However, before we submit my application to run, we also have to put the directory data into the Hadoop Distributed File System (HDFS) using $ ./ephemeral-hdfs/bin/hadoop fs -put /root/data/ ~.
Now I get confused about this process. Does each slave node load data files from its own local file system or HDFS? If it loads data from the local file system, why do we need to put data into HDFS? I would appreciate if anyone can help me.
Just to clarify for others that may come across this post.
I believe your confusion is due to not providing a protocol in the file location. When you do the following line:
### Create a RDD containing metadata about files in directory "data"
datafile = sc.wholeTextFiles("/root/data") ### Read data directory
Spark assumes the file path /root/data is in HDFS. In other words it looks for the files at hdfs:///root/data.

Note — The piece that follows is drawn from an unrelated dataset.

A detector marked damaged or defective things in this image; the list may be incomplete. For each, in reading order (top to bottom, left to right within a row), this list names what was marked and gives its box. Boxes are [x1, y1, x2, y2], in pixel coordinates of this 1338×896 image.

You only need the files in one location, either locally on every node (not the most efficient in terms of storage) or in HDFS that is distributed across the nodes.

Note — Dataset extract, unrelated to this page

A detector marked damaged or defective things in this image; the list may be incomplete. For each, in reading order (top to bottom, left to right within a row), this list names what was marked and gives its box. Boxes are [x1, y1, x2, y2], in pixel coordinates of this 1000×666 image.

If you wish to read files from local, use file:///path/to/local/file. If you wish to use HDFS use hdfs:///path/to/hdfs/file.
Hope this helps.
One quick suggestion is to load csv from S3 instead of having it in local.
Here is a sample scala snippet which can be used to load a bucket from S3
val csvs3Path = "s3n://REPLACE_WITH_YOUR_ACCESS_KEY:REPLACE_WITH_YOUR_SECRET_KEY#REPLACE_WITH_YOUR_S3_BUCKET"
val dataframe = sqlContext.
read.
format("com.databricks.spark.csv").
option("header", "true").
load(leadsS3Path)